What did we learn from doing this?

(This should be written after you have done the work.) What is the bottom-line? Is functional programming suitable for (part-of) the task? Make sure you include the evidence for your claims.

In our RSA Encryption implementation, we really made use of Haskell's list comprehensions for calculations like identifying if an integer is prime and generating the public and private keys, e and d, making what may be in other languages very large programs instead very compact. We also utilitized Haskell's map functions to map the message to numbers and apply the encryption function to each number and apply the decryption function to each number and map back to letters. Guards also allowed us to quickly and easily write our functions to map letters to numbers and numbers to letters; in other languages, we would have needed to use a switch.

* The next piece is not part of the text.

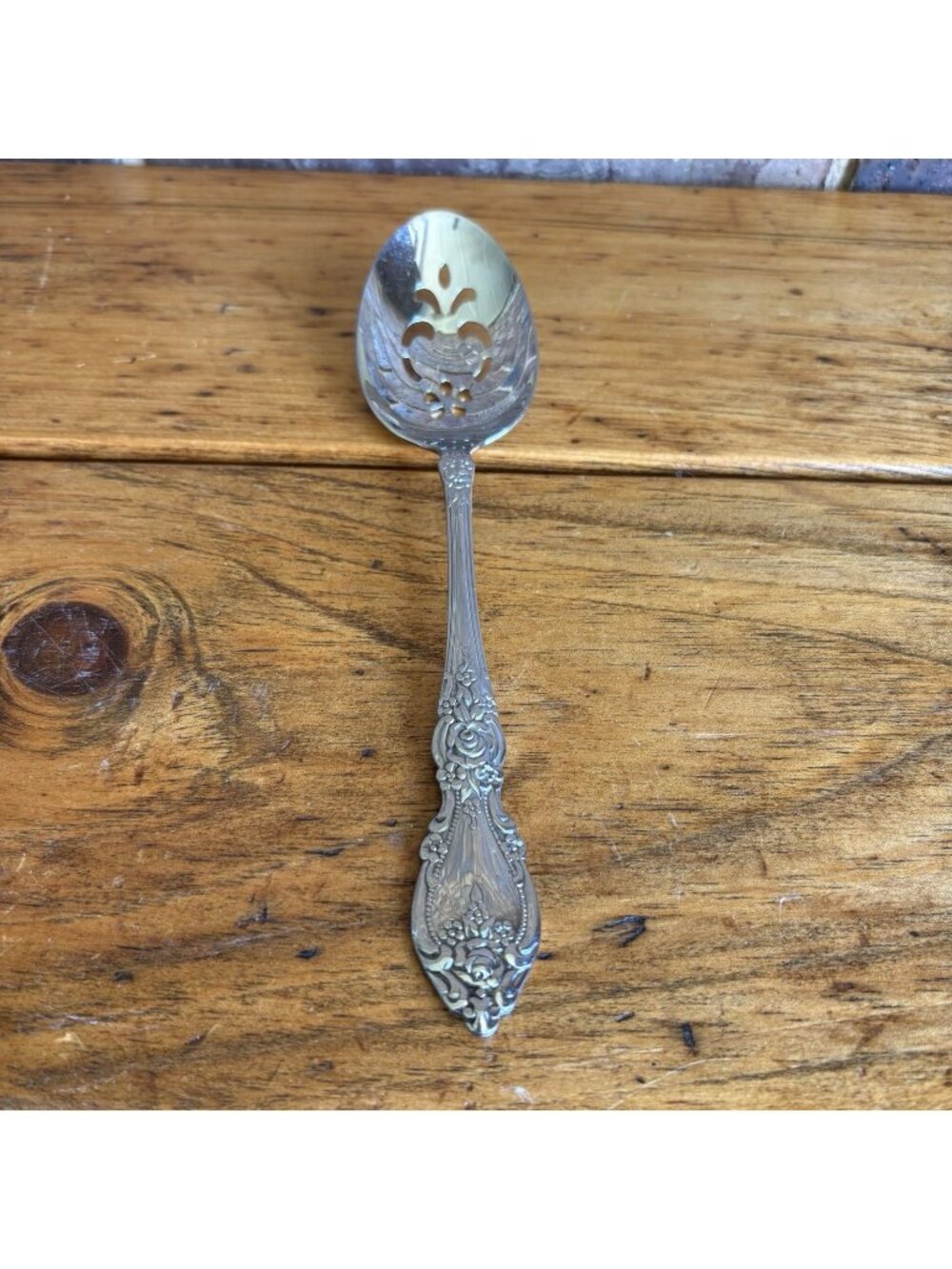 Oneida Canada Stainless Wordsworth pierced serving spoon 8 1/2"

For the UI, the IO makes it simple to organize and separate the sections of the program. Each step has it's own do block. If the user types in the incorrect input, the necessary do block calls itself to begin again, avoiding the user having to restart the entire program. However, the user needs to input Integers and lists of Integers for our program. The IO makes all inputs Strings. For each Integer and list of Integers, we needed to them to a Maybe Integer, check if they were all Justs (if there were Nothings, restart the do block), then cast to a Integer for our functions to use. Overall, the IO made the UI easy to organize and manage.

For these reasons, we found functional programming to be very suitable for an encryption type program.